Aim of the task.
Both the line containing "Рыже черная лошадь." and the line containing "OLEA EUROPAEA - Tronco" belong to the span. Output exactly that span from the listing below, and nothing outside it.

Given data.

=====

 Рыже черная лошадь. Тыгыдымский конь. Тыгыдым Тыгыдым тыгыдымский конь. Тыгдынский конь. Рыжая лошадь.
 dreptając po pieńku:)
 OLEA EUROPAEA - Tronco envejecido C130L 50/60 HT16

=====

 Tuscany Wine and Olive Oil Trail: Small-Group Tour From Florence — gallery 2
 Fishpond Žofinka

=====

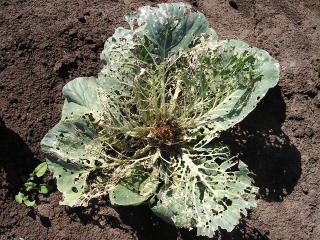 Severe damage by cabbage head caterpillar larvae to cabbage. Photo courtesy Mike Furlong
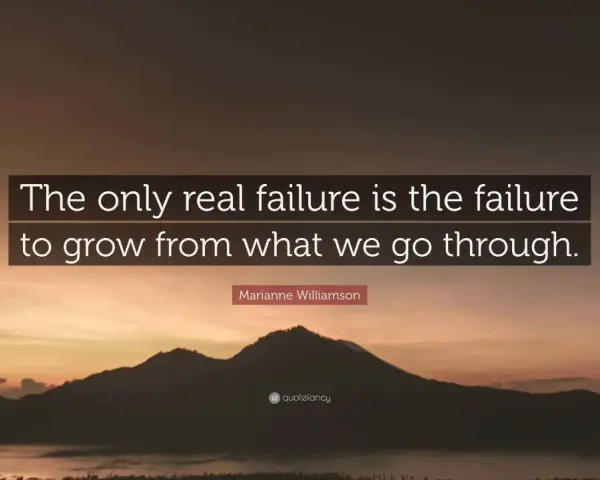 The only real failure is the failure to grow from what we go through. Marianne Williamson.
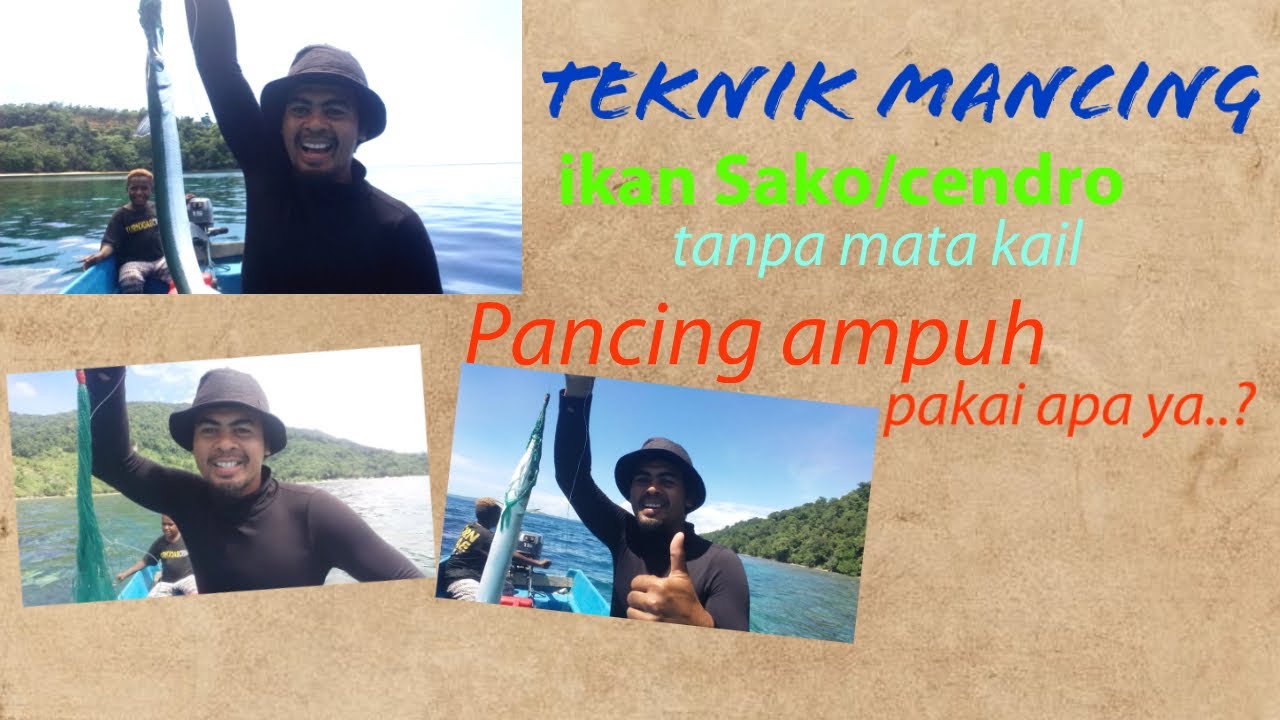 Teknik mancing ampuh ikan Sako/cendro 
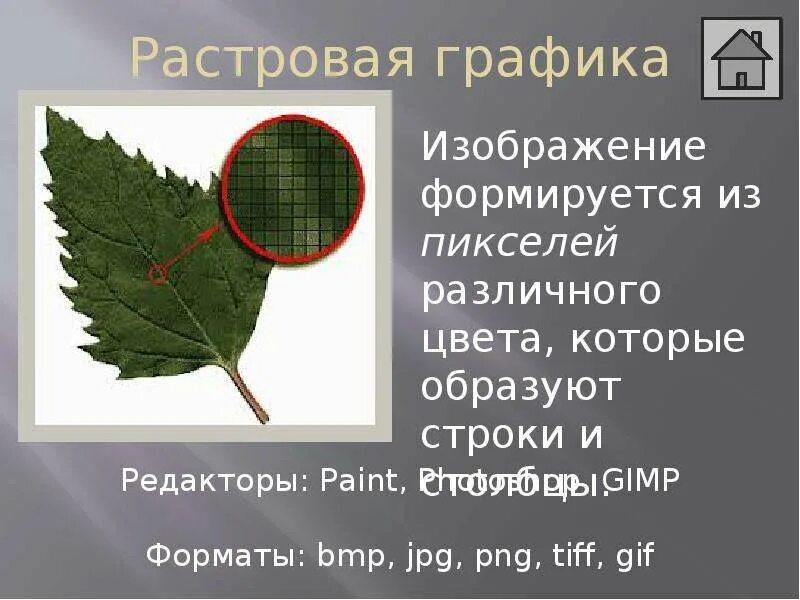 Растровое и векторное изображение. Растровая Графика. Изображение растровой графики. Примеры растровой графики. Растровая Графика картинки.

=====

Exercise output.
 Рыже черная лошадь. Тыгыдымский конь. Тыгыдым Тыгыдым тыгыдымский конь. Тыгдынский конь. Рыжая лошадь.
 dreptając po pieńku:)
 OLEA EUROPAEA - Tronco envejecido C130L 50/60 HT16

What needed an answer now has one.